If I change the permissions to:

```
-r--rw-r--  1 root  wheel
```
I can run the game without any errors.

Why would the game run under root with only read permission, yet not work under normal account with read permission? And why would allowing write permission to the files group matter, if it can be run by root with only read permission?


----------



## pmooney (Jul 21, 2011)

bigtoque said:
			
		

> Why would the game run under root with only read permission, yet not work under normal account with read permission? And why would allowing write permission to the files group matter, if it can be run by root with only read permission?

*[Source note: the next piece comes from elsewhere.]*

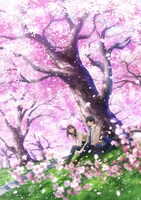 Blu-rayの三方背ボックスイラスト。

Root, being the superuser, can open the file read/write even though the FS permissions are set to read-only.  Since your regular user lacks this power, but belongs to the wheel group, g+rw must be set on the file for GNU chess to access it in the manner it wishes.


----------



## vsoto (Jul 21, 2011)

*For comparison*

One of the opening books for games/crafty:


```
-rw-rw-r--  1 nobody  nogroup  2653860 Jul 10 03:15 /usr/local/lib/crafty/book.bin
```


----------



## fwaggle (Jul 22, 2011)

As for why on earth it demands to write to that file, that's probably an issue with either the author or the maintainer.


----------



## Rock (Sep 29, 2021)

I have no problem as root. Non-root gave an error. The fix. Change 
	
	



```
"gnuchess" -x
```
 to include the 
	
	



```
-x
```
 in .xboardrc.


----------



## grahamperrin@ (Oct 2, 2021)

bigtoque said:


> … from a normal user account in either xboard or eboard, I get the error: …

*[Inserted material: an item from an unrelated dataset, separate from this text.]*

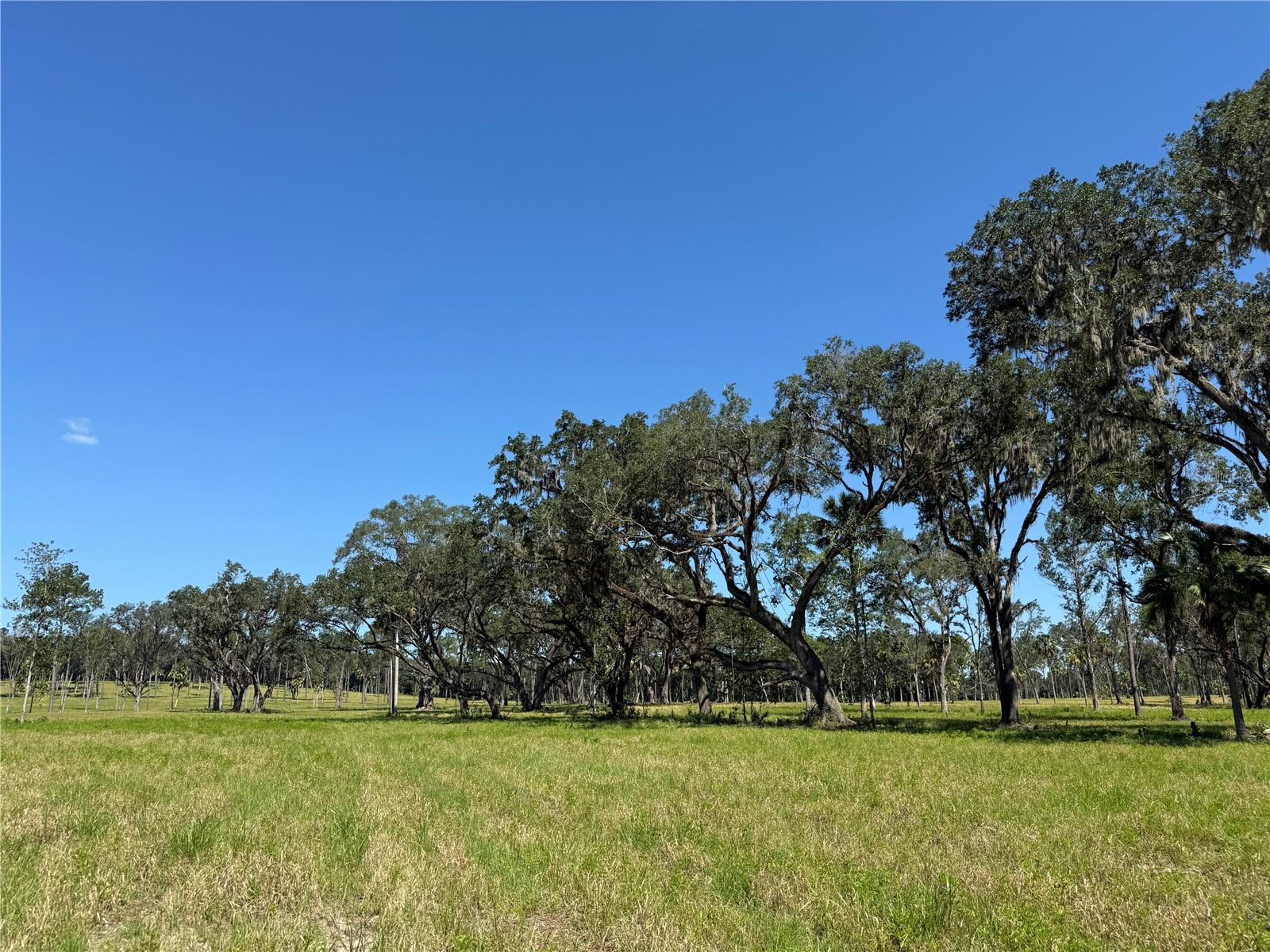 Image 6 of 14 For Do 8 10ac 193rd St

For what it's worth, _without_ XBoard games/xboard, no problem with a normal user account (Chess in foreground, htop in background):


----------



## Rock (Mar 3, 2022)

I have to load the engine in xboard at least at startup


----------



## Rock (Nov 25, 2022)

grahamperrin@ said:


> For what it's worth, _without_ XBoard games/xboard, no problem with a normal user account (Chess in foreground, htop in background):
> 
> View attachment 11542


No interface by looking at figure.


----------



## Voltaire (Nov 25, 2022)

Rock said:


> No interface by looking at figure.


His screenshot is from GNOME Chess. But the OP is talking about _xboard _and _eboard_ specifically..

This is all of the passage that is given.